§ **Problem**: Set down, in full, every record in the block.

§ **Web page caption snippets**:
-*-*-
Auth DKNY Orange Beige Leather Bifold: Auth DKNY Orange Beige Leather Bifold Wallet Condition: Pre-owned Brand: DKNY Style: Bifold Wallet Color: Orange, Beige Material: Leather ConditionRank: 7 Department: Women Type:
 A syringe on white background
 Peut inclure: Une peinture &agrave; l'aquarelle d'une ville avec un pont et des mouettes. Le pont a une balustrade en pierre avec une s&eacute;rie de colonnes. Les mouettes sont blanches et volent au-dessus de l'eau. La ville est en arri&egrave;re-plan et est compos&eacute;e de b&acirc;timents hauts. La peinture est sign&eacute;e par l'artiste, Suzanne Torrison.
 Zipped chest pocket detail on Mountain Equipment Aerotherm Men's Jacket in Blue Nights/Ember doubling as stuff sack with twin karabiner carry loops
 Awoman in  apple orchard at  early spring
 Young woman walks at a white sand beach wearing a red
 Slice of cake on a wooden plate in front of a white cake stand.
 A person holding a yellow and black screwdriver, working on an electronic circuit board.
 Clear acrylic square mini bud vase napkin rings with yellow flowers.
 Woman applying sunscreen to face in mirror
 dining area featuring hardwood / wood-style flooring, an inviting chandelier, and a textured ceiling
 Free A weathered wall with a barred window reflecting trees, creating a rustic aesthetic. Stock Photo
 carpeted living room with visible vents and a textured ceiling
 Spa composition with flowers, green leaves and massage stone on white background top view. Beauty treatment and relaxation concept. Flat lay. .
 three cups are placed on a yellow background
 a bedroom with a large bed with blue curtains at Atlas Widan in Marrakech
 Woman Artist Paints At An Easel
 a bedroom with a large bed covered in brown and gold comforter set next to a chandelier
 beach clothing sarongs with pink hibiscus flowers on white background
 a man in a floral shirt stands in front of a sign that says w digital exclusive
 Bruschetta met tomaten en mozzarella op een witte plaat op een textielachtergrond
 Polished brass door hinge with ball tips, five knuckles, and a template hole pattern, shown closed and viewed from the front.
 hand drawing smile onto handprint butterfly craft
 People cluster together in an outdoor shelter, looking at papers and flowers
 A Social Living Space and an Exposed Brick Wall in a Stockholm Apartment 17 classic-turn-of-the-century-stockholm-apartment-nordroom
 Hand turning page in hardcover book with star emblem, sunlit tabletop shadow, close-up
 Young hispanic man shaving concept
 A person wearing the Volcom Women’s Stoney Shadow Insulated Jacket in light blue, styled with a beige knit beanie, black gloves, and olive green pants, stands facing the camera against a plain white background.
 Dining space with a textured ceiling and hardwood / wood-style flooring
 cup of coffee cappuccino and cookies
-*-*-
§ **Task result**:
Auth DKNY Orange Beige Leather Bifold: Auth DKNY Orange Beige Leather Bifold Wallet Condition: Pre-owned Brand: DKNY Style: Bifold Wallet Color: Orange, Beige Material: Leather ConditionRank: 7 Department: Women Type:
 A syringe on white background
 Peut inclure: Une peinture &agrave; l'aquarelle d'une ville avec un pont et des mouettes. Le pont a une balustrade en pierre avec une s&eacute;rie de colonnes. Les mouettes sont blanches et volent au-dessus de l'eau. La ville est en arri&egrave;re-plan et est compos&eacute;e de b&acirc;timents hauts. La peinture est sign&eacute;e par l'artiste, Suzanne Torrison.
 Zipped chest pocket detail on Mountain Equipment Aerotherm Men's Jacket in Blue Nights/Ember doubling as stuff sack with twin karabiner carry loops
 Awoman in  apple orchard at  early spring
 Young woman walks at a white sand beach wearing a red
 Slice of cake on a wooden plate in front of a white cake stand.
 A person holding a yellow and black screwdriver, working on an electronic circuit board.
 Clear acrylic square mini bud vase napkin rings with yellow flowers.
 Woman applying sunscreen to face in mirror
 dining area featuring hardwood / wood-style flooring, an inviting chandelier, and a textured ceiling
 Free A weathered wall with a barred window reflecting trees, creating a rustic aesthetic. Stock Photo
 carpeted living room with visible vents and a textured ceiling
 Spa composition with flowers, green leaves and massage stone on white background top view. Beauty treatment and relaxation concept. Flat lay. .
 three cups are placed on a yellow background
 a bedroom with a large bed with blue curtains at Atlas Widan in Marrakech
 Woman Artist Paints At An Easel
 a bedroom with a large bed covered in brown and gold comforter set next to a chandelier
 beach clothing sarongs with pink hibiscus flowers on white background
 a man in a floral shirt stands in front of a sign that says w digital exclusive
 Bruschetta met tomaten en mozzarella op een witte plaat op een textielachtergrond
 Polished brass door hinge with ball tips, five knuckles, and a template hole pattern, shown closed and viewed from the front.
 hand drawing smile onto handprint butterfly craft
 People cluster together in an outdoor shelter, looking at papers and flowers
 A Social Living Space and an Exposed Brick Wall in a Stockholm Apartment 17 classic-turn-of-the-century-stockholm-apartment-nordroom
 Hand turning page in hardcover book with star emblem, sunlit tabletop shadow, close-up
 Young hispanic man shaving concept
 A person wearing the Volcom Women’s Stoney Shadow Insulated Jacket in light blue, styled with a beige knit beanie, black gloves, and olive green pants, stands facing the camera against a plain white background.
 Dining space with a textured ceiling and hardwood / wood-style flooring
 cup of coffee cappuccino and cookies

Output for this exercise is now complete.